My name is Don Sabado. I started writing consistently about eleven months ago. My intent in writing on Medium was to market my online businesses and earn money on Medium. The most challenging part of writing on Medium was completing the About Me page.
My about me page was for information purposes only. In the eleven months of writing on Medium, I rediscovered my passion for writing. My first thought was to write to earn money on Medium, but I realized only 6% make more than $100 per month. Those would not be good numbers if I depended on Medium to pay my bills.
I've always considered myself a risk taker because I've attempted several small businesses. I was successful with my tutoring business, but I flopped on almost every other online business I've tried. The idea of calling myself a risk taker because I started and failed at several businesses was easy because I always had a safety net.
I am also a high school math teacher. I used to pat myself on the back because I stayed at one school where almost everyone I knew transferred or quit the teaching profession altogether. I convinced myself early in my career that the public school I started teaching with would be my last; I wanted to retire at the same school. I saw it as a badge of honor to remain at one school.
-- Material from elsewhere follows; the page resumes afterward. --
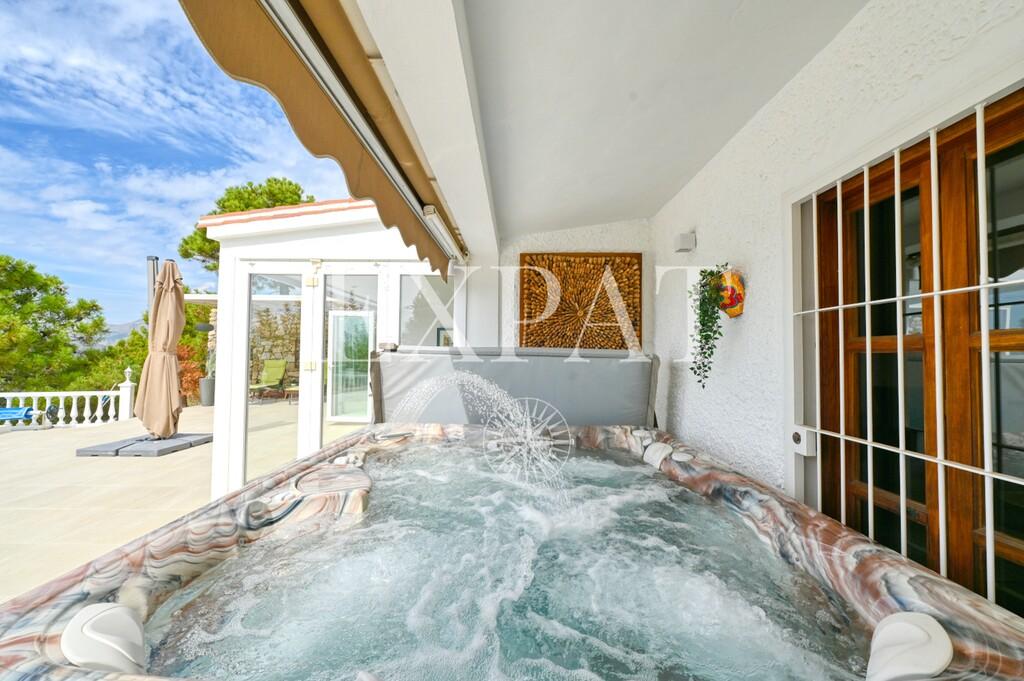 Casa en Venta en Cómpeta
However, the truth was I was far from being a risk-taker. I was afraid to take a risk and start over at another school because I was comfortable in Room A2, no matter the situation. What I didn't realize was I watched my life pass me by.
There was a huge gap in years between my first girlfriend and my second girlfriend, who I broke up with several years ago. Between those two relationships, I dated many women and had no success. Because I was living in my comfort zone, at work, and in life, I convinced myself, "that's just the way it is."
I remember returning home to Kauai about a month before the start of the pandemic. It was February 2020. I saw my friend I had met several years earlier. Her family and my family on Kauai are neighbors and friends. She's younger than I am. I would visit home during summers but never started visiting home regularly until she returned to living at home with her family.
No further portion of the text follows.